And some people still think they are eternal!

By TP  Saran

It is said that the late tyrant Gaddafi thought that he was eternal, and that he likened himself to God… Was God in his eyes a bigger version of himself: someone who wore a jazzy uniform covered with glittering, meaningless multicoloured rectangular patches, with a gem-studded collar and a military looking hat cocked upwards, and wielding a baton? Sporting golden revolvers? And propounding a green book in multiples of three volumes? Having an A 380 private plane with a megasize Jacuzzi?

For 42 years the megalomaniac Gaddafi lived in a palace, and would travel in his private jet on his overseas trips, and his host countries would allow him to practice his eccentricity – one of the several he had – of pitching his Bedouin tent in a prominent place and staying in it during his visit.

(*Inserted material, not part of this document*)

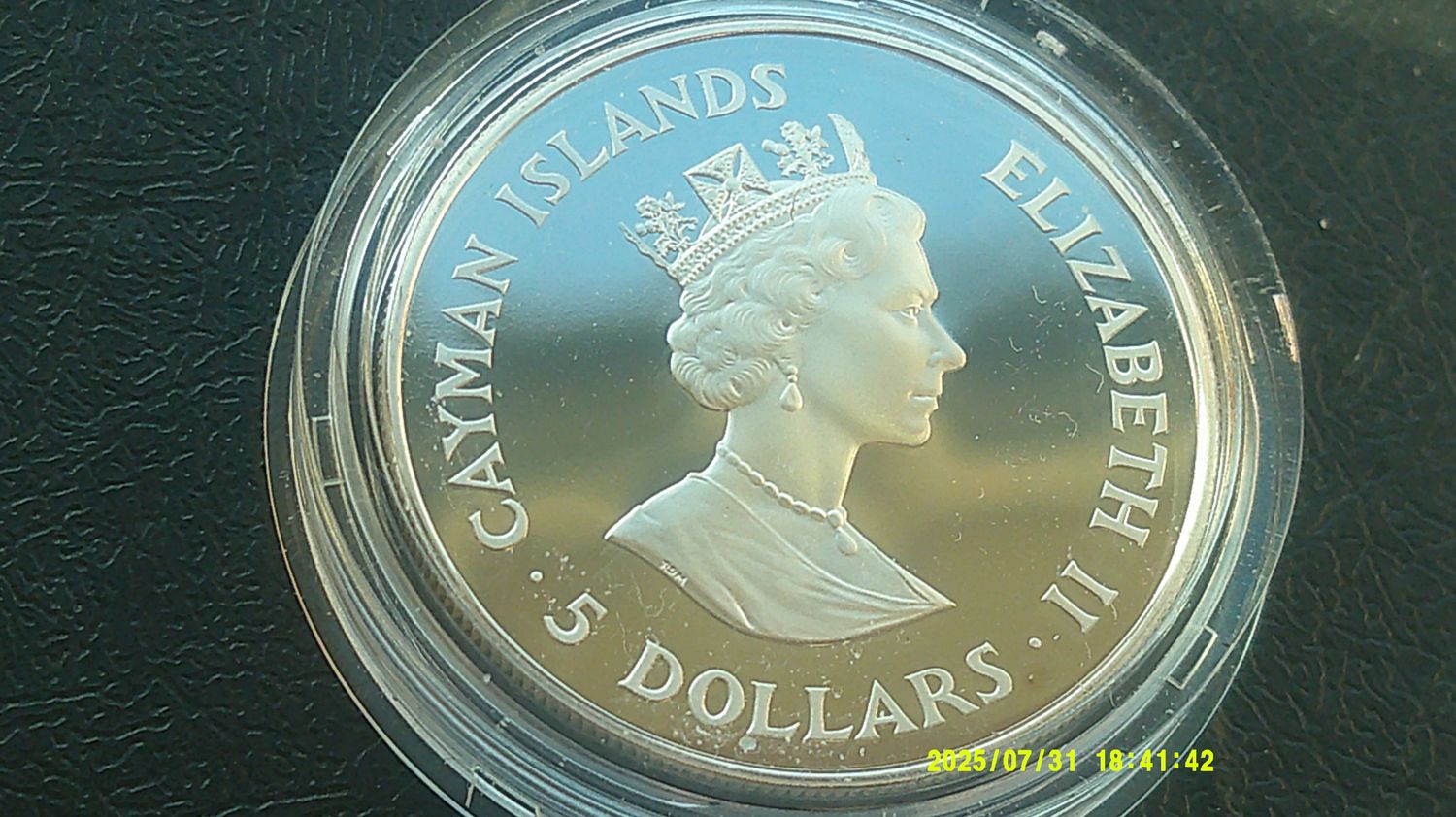 Cayman Islands $5 - 1993  (40th Anniversary of the Coronation)  PDHR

When he was caught by his own people baying for his blood, they lost no time in paying him back in the same coin, disdain for disdain, an eye for an eye. Bleeding, pleading, cowering, all trace of authority and power gone, he was dragged by the mob, kicked about, held up as a vulgar object of despise, and found his death in the hands of those he had oppressed since he came to power in 1969. One need not commend this kind of treatment if only for the common humanity we share with the good and the bad of this earth but this is how the rage against his reign of terror on his own people got vented out.

His family had already been split: the wife seeking refuge in Algeria along with his daughter-in-law who gave birth to a child there; one son already dead since the beginning of the uprising against him; another child had lost his life during the retaliation by the Americans in the late 1980s. One son, Saif Islam, is reportedly on the run in Niger, and the remaining one Muatassim who was with him has met an equal fate at the hands of those whom he and his wife called rats.

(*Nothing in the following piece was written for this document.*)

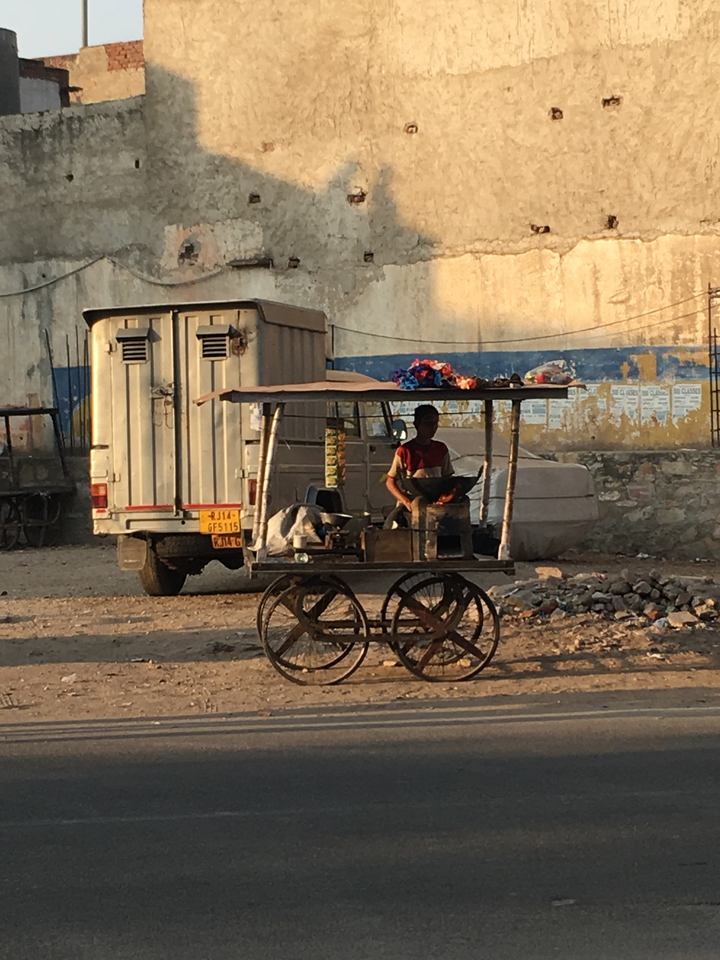 Vendeur ambulant installant sa charrette.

He has been buried along with his son in an unknown spot in the Libyan desert. Perhaps it’s better that way for, who knows, were the location to be known, how much more of hate it would have attracted and unnecessarily perpetuated a negative cloud over Libya and Libyans. As it is, they have a country to rebuild from scratch and get their act together among themselves, all these tribes that have their own allegiances, so it is better that there is no additional element of division that can come in the way of putting the country together.

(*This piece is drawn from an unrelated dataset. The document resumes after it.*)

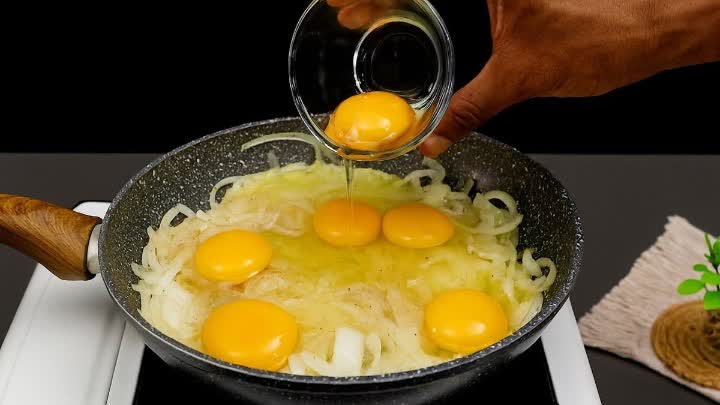 نکات و فوت‌وفن های طرز تهیه نیمرو پیاز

What has Gaddafi left behind? – it would surely be most inappropriate to speak of ‘legacy.’ If he is remembered in his country it will be as a brutal dictator and oppressor who ruled through his secret police, killing many of his opponents and putting them in jail to undergo the worst tortures imaginable, according to witness accounts that have been broadcast since the revolt started.

Every single one of his green books, which were the only reading allowed in schools and colleges, has been pulverised to ashes. His residences and belongings have been broken into, pillaged and done for in fits of rage and vengeance.

Benito Mussolini, and Ceausescu of Romania and his wife suffered similar ignominy at the hands of their respective people. As for Saddam Hussein, also found hiding in a hole, perhaps he has made peace with his son-in-law Uday – if they have found themselves together – whom he shot at point blank when the latter disagreed with him during a meeting he was chairing? Hitler took refuge in a bunker where he committed suicide.

Neither eternal, let alone Gods! These and others like them turned out to be people made of flesh and bone that are subject to decay and death come the time. Simple truth that they knew, but refused to recognize. Externally grandiose and powerful, but incapable of finer judgement, surviving on shaky ideological ground and almost programmed to do the most harm possible to their own kin and extend that to others.

There are also not far from here those who think they are eternal. Such as these should not keep deluding themselves.